These considerations led us to the following conclusion. The study common problem genetic control of biochemical reactions that determine development and metabolism should be carried out using procedure opposite to the generally accepted: instead of trying to find out the chemical basis of known hereditary traits, it is necessary to establish whether genes control known biochemical reactions and how they do it. The ascomycete neurospore has the properties that make it possible to implement this approach and, at the same time, serves as a convenient object for genetic studies. That is why our program was built on the use of this particular organism. We proceeded from the fact that X-ray exposure causes mutations in the genes that control certain chemical reactions. Suppose that in order to survive in a given environment, the organism must carry out some kind of chemical reaction, then the mutant, deprived of this ability, under these conditions will be unviable. However, it can be maintained and studied if grown in a medium to which the vital product of a genetically blocked reaction has been added.”

4 Action of genes 9

Next, Beadle and Tatum describe the design of the experiment (Figure 4.1). The composition of the complete medium included agar, inorganic salts, malt extract, yeast extract and glucose. The minimal medium contained only agar, salts, biotin, and a carbon source. The mutants that grew on the complete medium and did not grow on the minimal medium were studied in the most detail. In order to establish the compound, the synthesis of which was impaired in each of the mutants, individual components of the complete medium were added to the minimal agar.
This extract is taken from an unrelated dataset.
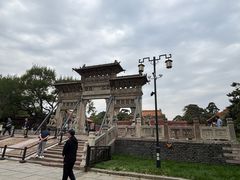 -北陵公园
In this way, strains were isolated that were unable to synthesize certain growth factors: pyridoxine, thiamine, and para-aminobenzoic acid. These defects have been shown to be due to mutations at specific loci. The work marked the beginning of numerous studies on neurospores, bacteria and yeasts, in which a correspondence was established between the "genetic blocks" responsible for individual metabolic steps and specific enzyme disorders. This approach has rapidly evolved into a tool for researchers to uncover metabolic pathways.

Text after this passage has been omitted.